The distressing and emotive issue of the American diplomats kept as hostages in Iran for six months is itself a symbol of a much larger transformation in the Persian Gulf region.

Two cataclysmic events within one year have profoundly upset the security of the region: the revolution in Iran and the invasion of Afghanistan. The two events have interacted and they reinforce one another. The political condition in Iran is itself the cause of the impasse on the hostages. The vacuum in that beleaguered country after the Shah, with Washington standing by bewildered and powerless, facilitated the invasion of Afghanistan of last December.

As a result of these twin events the balance of power in the region has shifted against the West and Western-oriented regimes. Soviet power is entrenched on the periphery of the region in Aden, Ethiopia, and now Afghanistan. Iran, no longer a buffer, veers between disintegration and the active "export of the revolution" to the rest of the Gulf. Oil prices have doubled within one year, production in Iran is at a trickle, and militantly nationalist pressures threaten continued production at current rates in the other oil producing states.

The issue of the hostages and any proposed solutions to their plight must be seen in the much broader context in which continuing dependence on access to Gulf oil into the 1990s is dependent on the political stability of, and security guarantees to, friendly states.

The European allies, despite their asymmetrical vulnerabilities to economic disruptions with Iran, are at one with the US in seeing the issue of the hostages as an international one, concerning them all. They also largely agree that other measures besides patience and reason are now called for.

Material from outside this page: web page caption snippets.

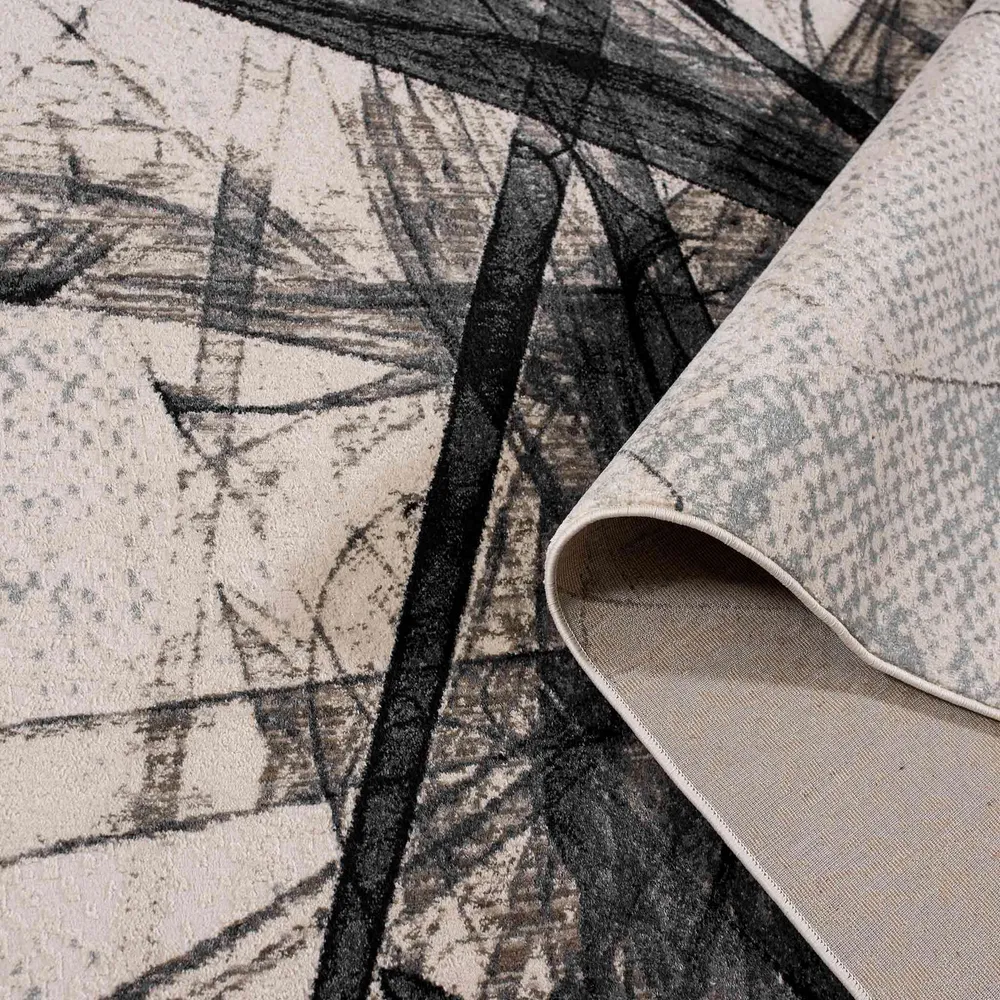 Tapete Decorativo Kale 1058C Negro / Gris – Abstracto · Interior 152x244cm FEIZY
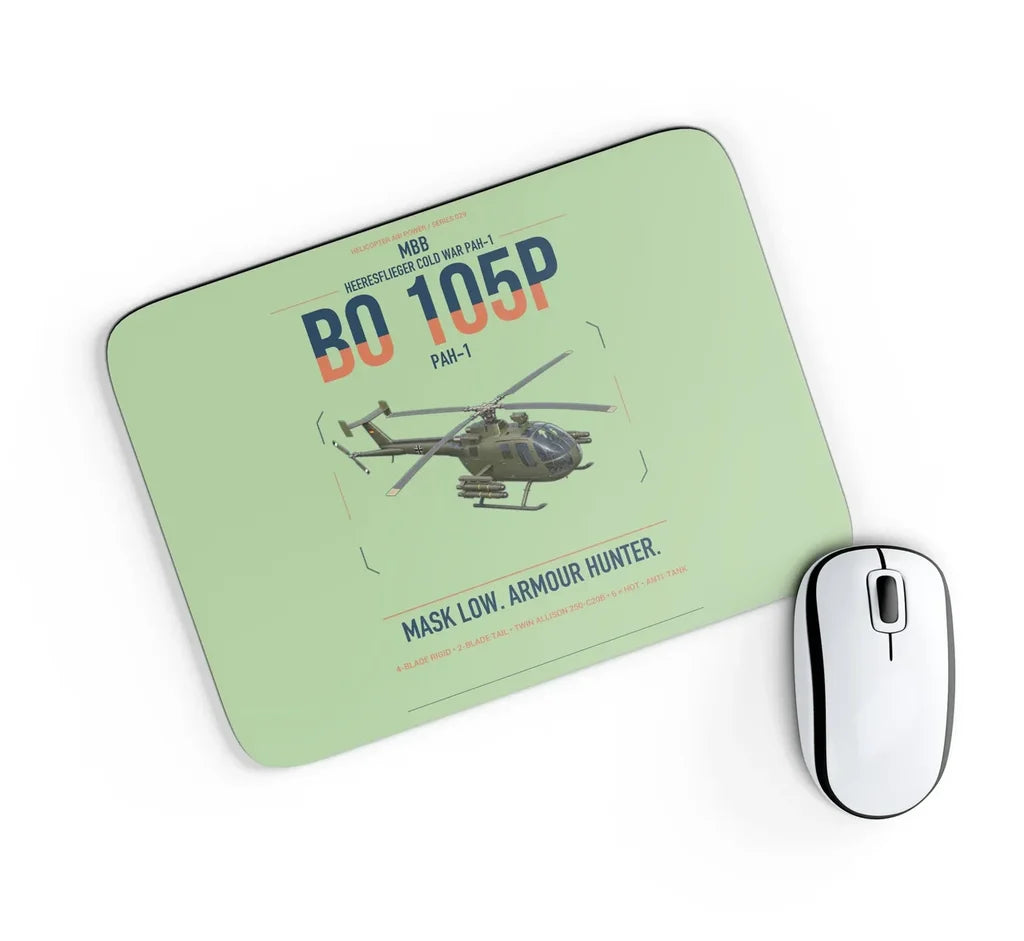 MBB BO 105P PAH-1 design on light green rectangle mouse pad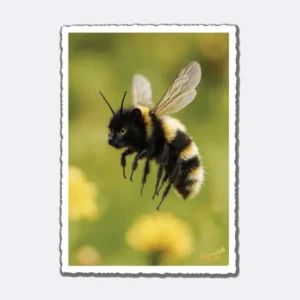 Postkarte mit beigem Hintergrund einer fliegenden Biene mit Katzenkopf und Schriftzug "Impossible Cards"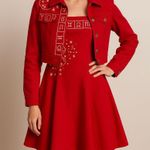 Rare Vintage Christian Llinares Celestial Astrology Dress & Jacket Set Y2K Sz S Red Photo 0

Where they differ with Washington is in the proposed remedy, for many of them see the current tough line advocated by Washington as being dictated -- in pace and style -- by domestic electoral considerations. The economic strangulation of the Iranian regime, they feel, may weaken it. But that may only drive it into dependence on the USSR or encourage a leftist putsch within the country.

This is not an argument against a tough line on Tehran but for a policy in which the root causes of the problems are addressed. Having tried to find moderates within the Iranian government, Washington has given up. Perhaps it ought now to look for moderates outside of the government.

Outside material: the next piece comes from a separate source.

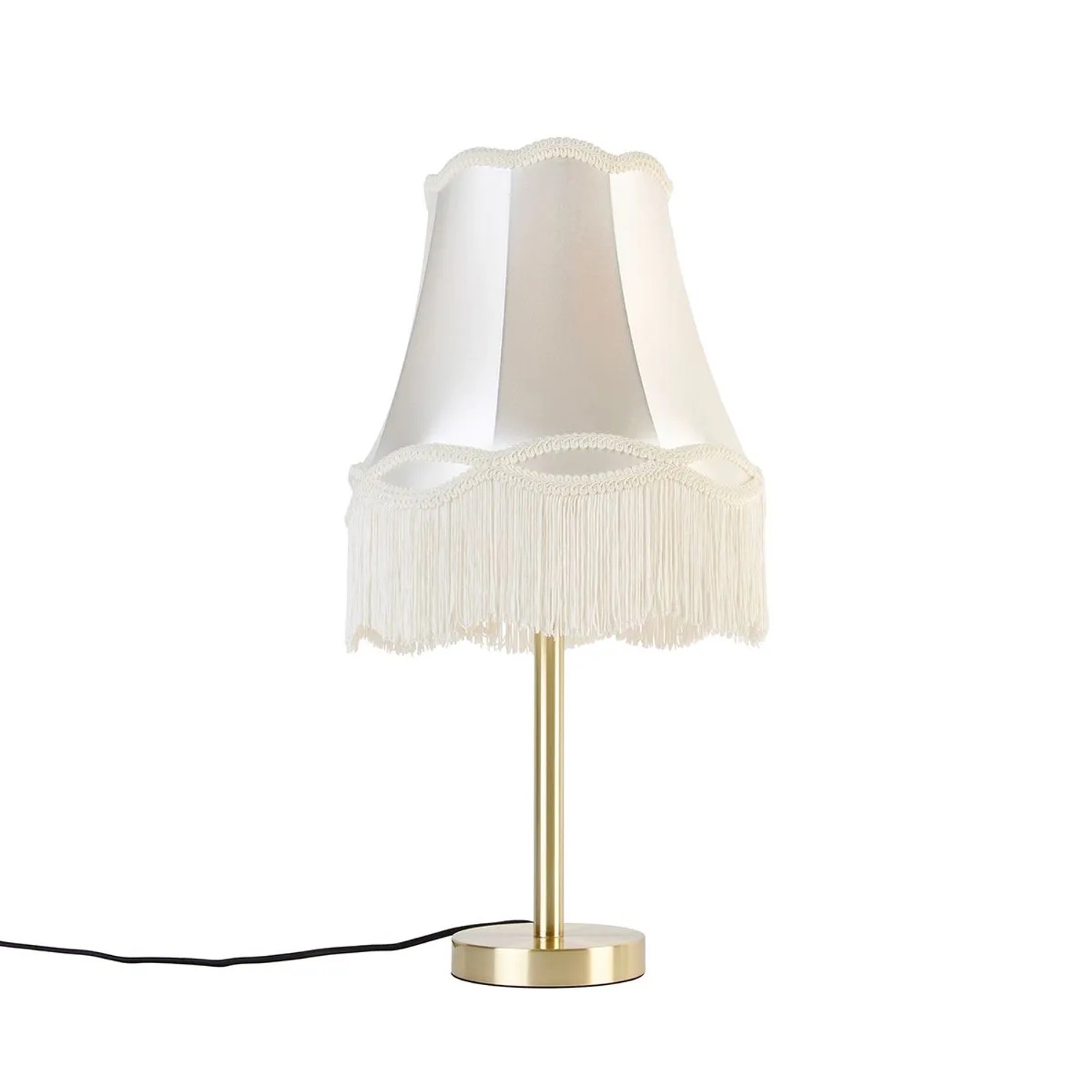 QAZQA Klassische Tischlampe Messing mit Granny Schirm Creme 30 cm Simplo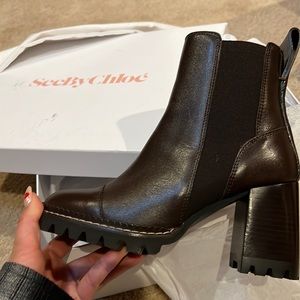 Brand new ! See by Chloe booties .. in dark brown size 36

If it does so and cultivates them, then, when the economic sanctions and diplomatic isolation begin to bite within Iran, there might exist an alternative to the left in that country.

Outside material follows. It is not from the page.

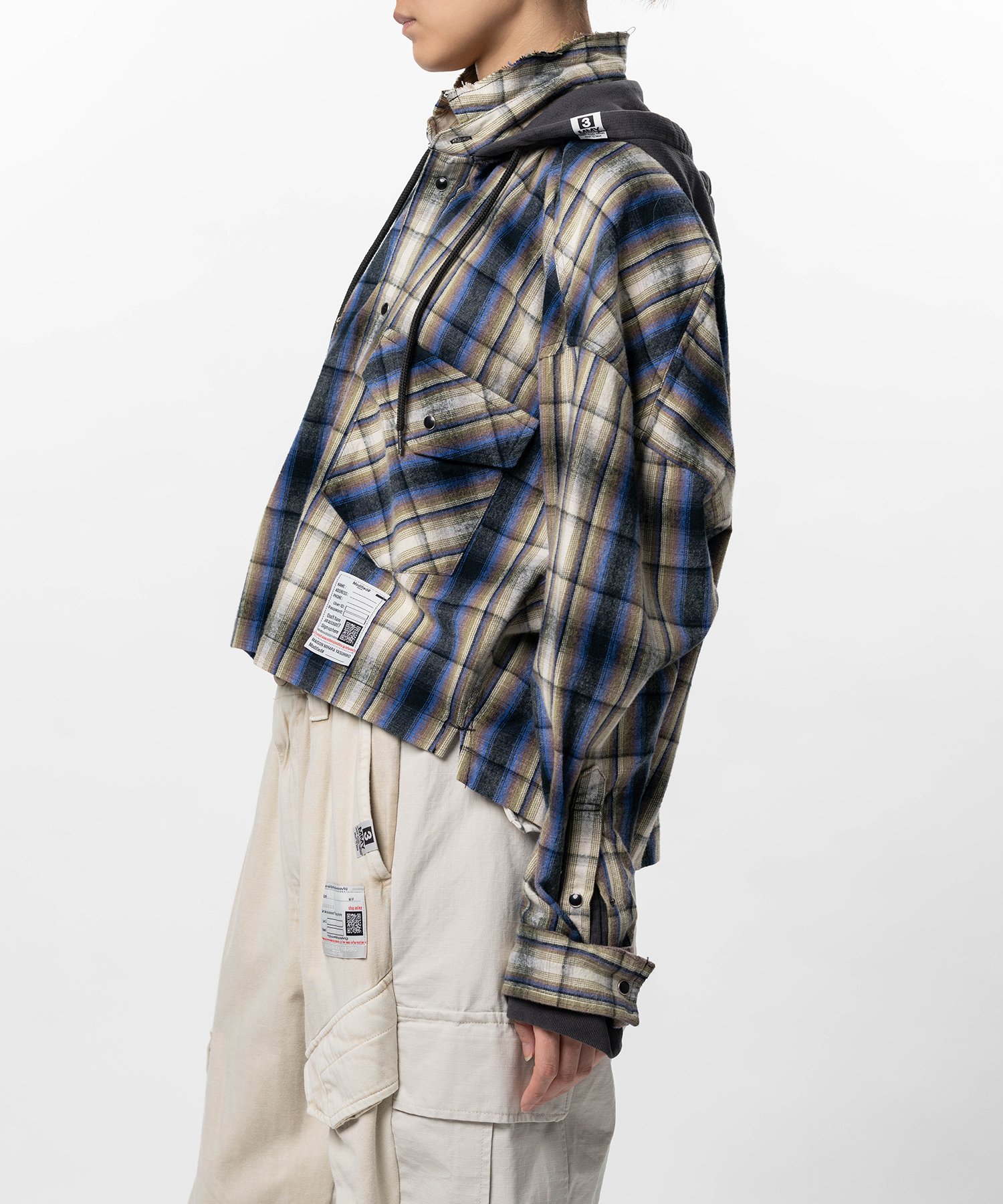 Hoodie Combine Checkered Shirt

The hostage question is not a discrete and aberrant episode but rather an intrinsic product of the "revolutionary" regime in Iran. To pretend that its solution will rectify the strategic balance within the region and to base policy on this is both shortsighted and illusory.

The hard fact is that the present regime in Iran is a threat both to its neighbors and international security.

A policy based on a recognition of this fact would stand a much better chance of achieving allied solidarity than a set of open-ended sanctions which establish no plausible link with the release of the hostages, which risk military confrontation, and which ultimately do not address the principal destabilizing element within the Persian Gulf, the Iranian regime itself.